→ **GIVEN DATA**:
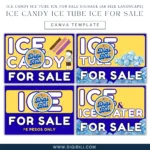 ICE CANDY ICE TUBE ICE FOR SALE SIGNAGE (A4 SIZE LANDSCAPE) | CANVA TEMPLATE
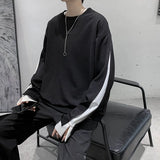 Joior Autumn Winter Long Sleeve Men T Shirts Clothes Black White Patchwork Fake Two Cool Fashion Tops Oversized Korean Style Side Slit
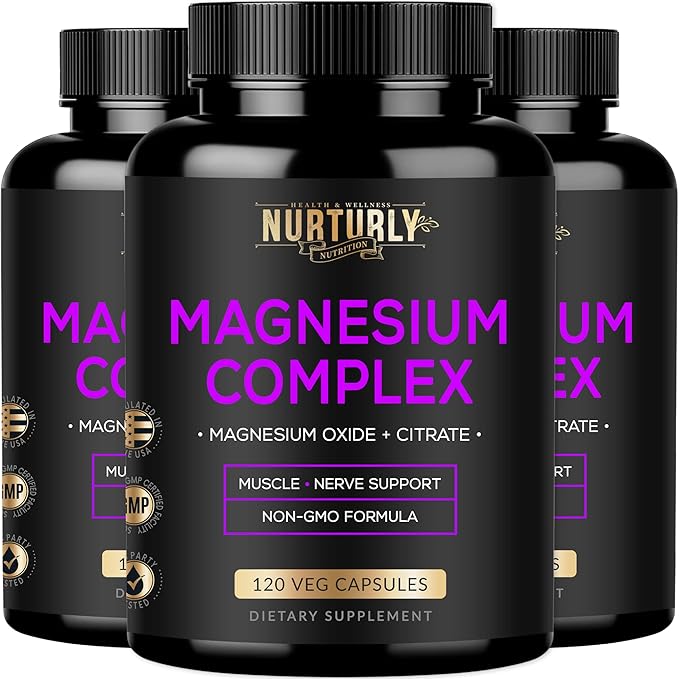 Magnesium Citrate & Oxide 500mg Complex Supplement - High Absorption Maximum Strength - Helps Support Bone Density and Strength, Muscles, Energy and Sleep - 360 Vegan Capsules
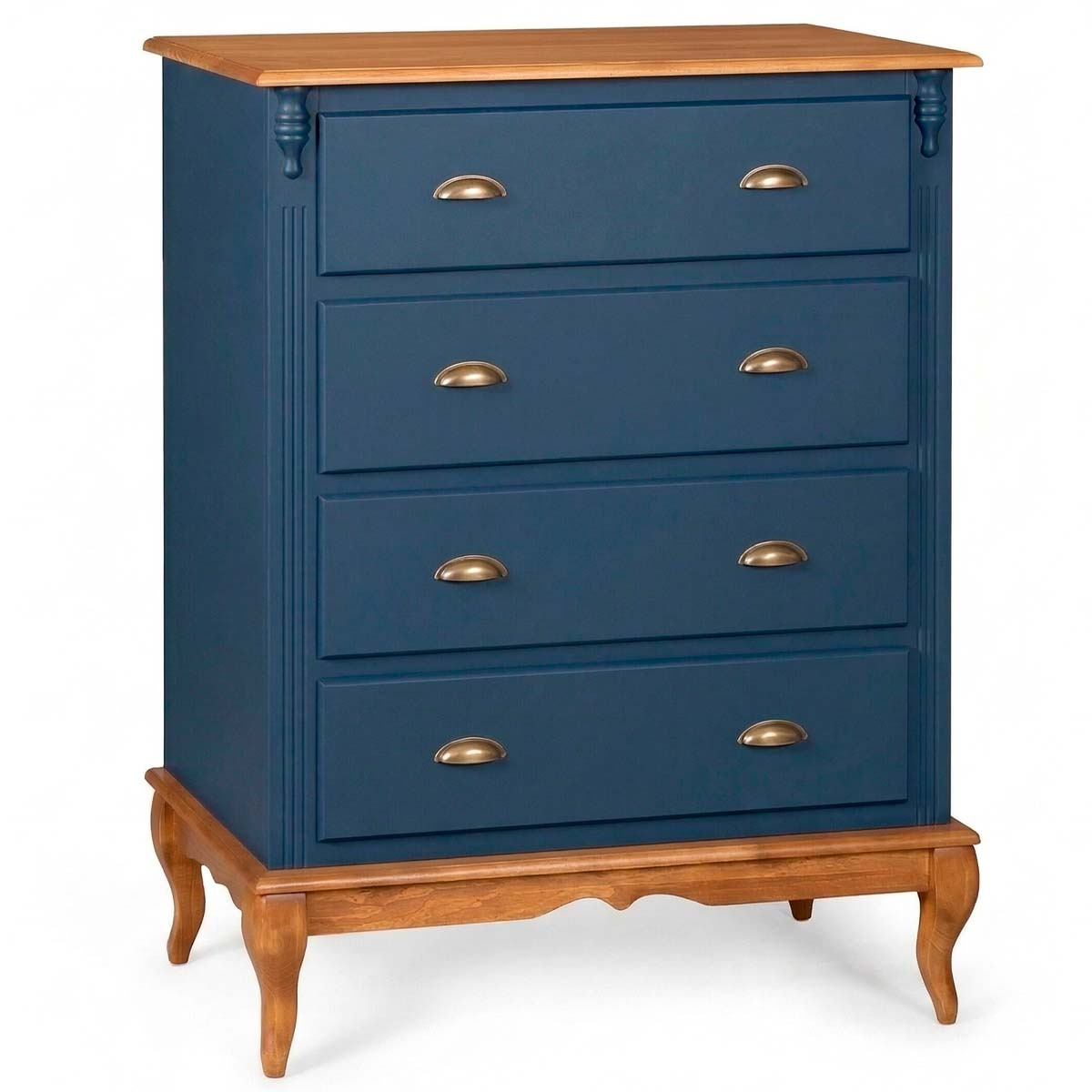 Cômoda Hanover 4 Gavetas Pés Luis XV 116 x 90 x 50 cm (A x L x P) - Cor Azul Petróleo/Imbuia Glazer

→ **WHAT IS NEEDED**:
The listing above is to be retyped word for word, with the pictures omitted.

→ **EXERCISE RESULT**:
 ICE CANDY ICE TUBE ICE FOR SALE SIGNAGE (A4 SIZE LANDSCAPE) | CANVA TEMPLATE
 Joior Autumn Winter Long Sleeve Men T Shirts Clothes Black White Patchwork Fake Two Cool Fashion Tops Oversized Korean Style Side Slit
 Magnesium Citrate & Oxide 500mg Complex Supplement - High Absorption Maximum Strength - Helps Support Bone Density and Strength, Muscles, Energy and Sleep - 360 Vegan Capsules
 Cômoda Hanover 4 Gavetas Pés Luis XV 116 x 90 x 50 cm (A x L x P) - Cor Azul Petróleo/Imbuia Glazer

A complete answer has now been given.